DATA PROVIDED:
=== Begin Enclosure ===

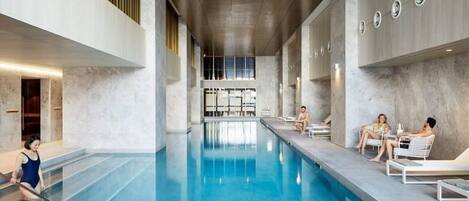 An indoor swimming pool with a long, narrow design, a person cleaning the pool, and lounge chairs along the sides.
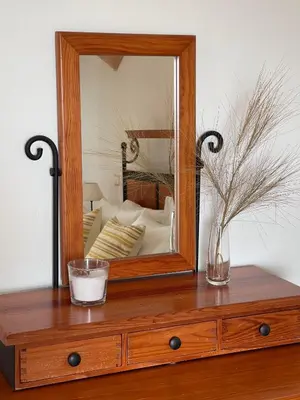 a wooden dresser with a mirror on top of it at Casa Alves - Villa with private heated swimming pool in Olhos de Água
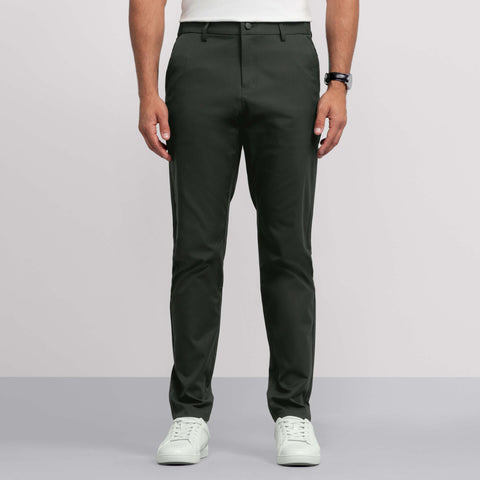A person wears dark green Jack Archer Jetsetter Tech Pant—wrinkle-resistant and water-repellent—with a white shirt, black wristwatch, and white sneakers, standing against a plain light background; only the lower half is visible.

=== End Enclosure ===
=== Begin Enclosure ===

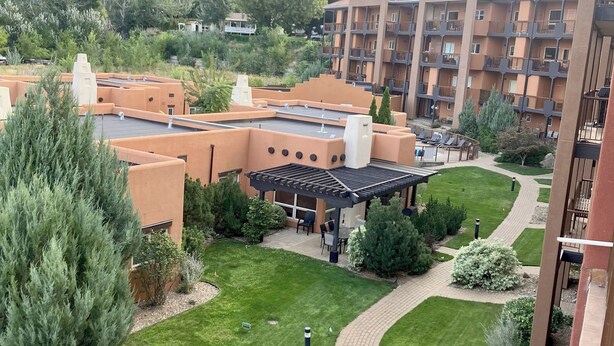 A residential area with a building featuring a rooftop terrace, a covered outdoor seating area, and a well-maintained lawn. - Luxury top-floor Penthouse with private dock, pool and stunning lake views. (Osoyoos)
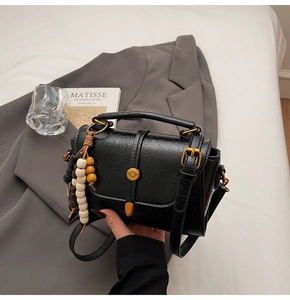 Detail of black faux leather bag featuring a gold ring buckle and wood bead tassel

=== End Enclosure ===
=== Begin Enclosure ===

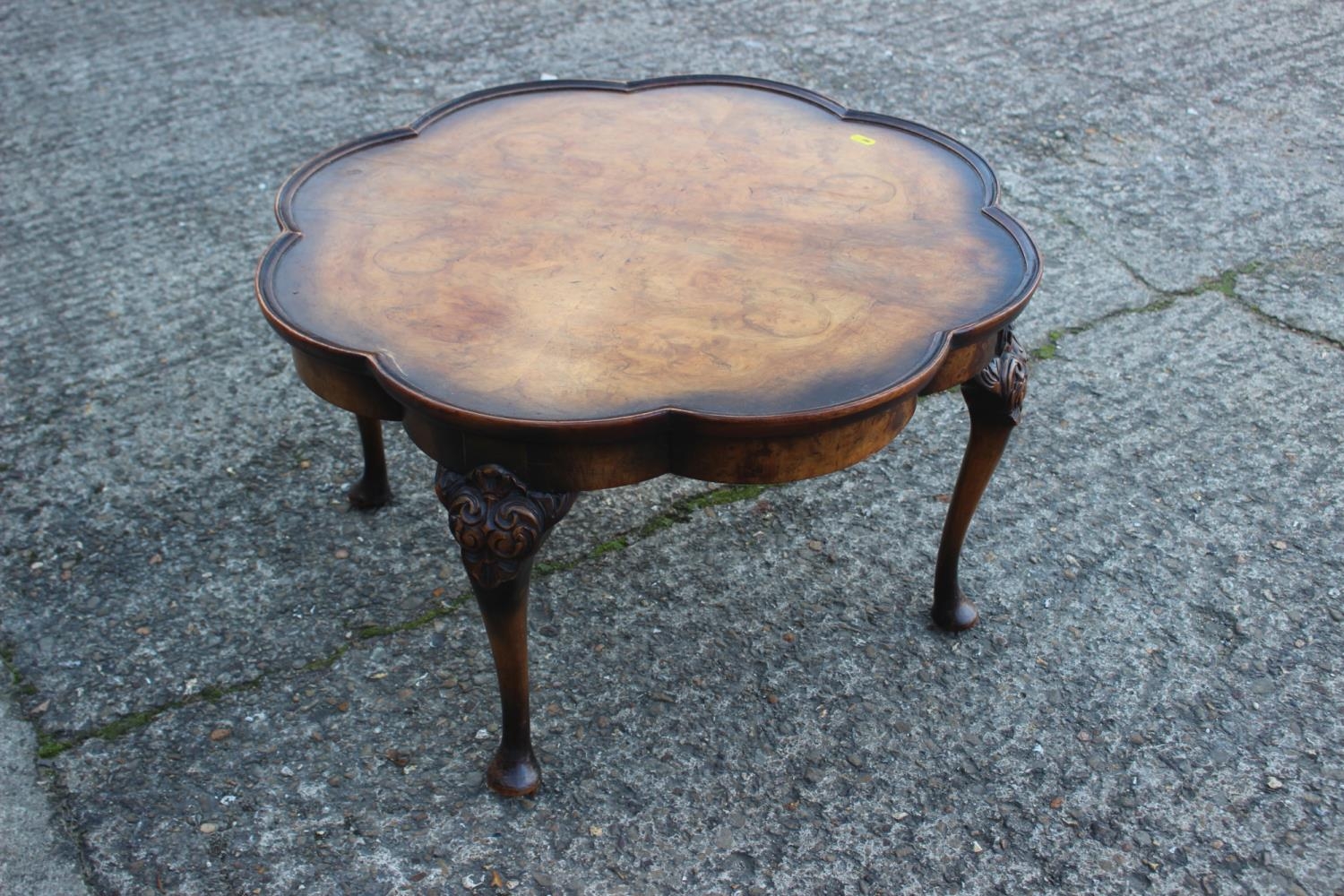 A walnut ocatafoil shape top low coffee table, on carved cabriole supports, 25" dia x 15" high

=== End Enclosure ===

EXERCISE PROMPT:
Every line from the one with "An indoor swimming" through the one with "A person wears" is to be reproduced exactly as written above, and the pictures are to be dropped.

SOLUTION FOR THIS PROBLEM:
 An indoor swimming pool with a long, narrow design, a person cleaning the pool, and lounge chairs along the sides.
 a wooden dresser with a mirror on top of it at Casa Alves - Villa with private heated swimming pool in Olhos de Água
A person wears dark green Jack Archer Jetsetter Tech Pant—wrinkle-resistant and water-repellent—with a white shirt, black wristwatch, and white sneakers, standing against a plain light background; only the lower half is visible.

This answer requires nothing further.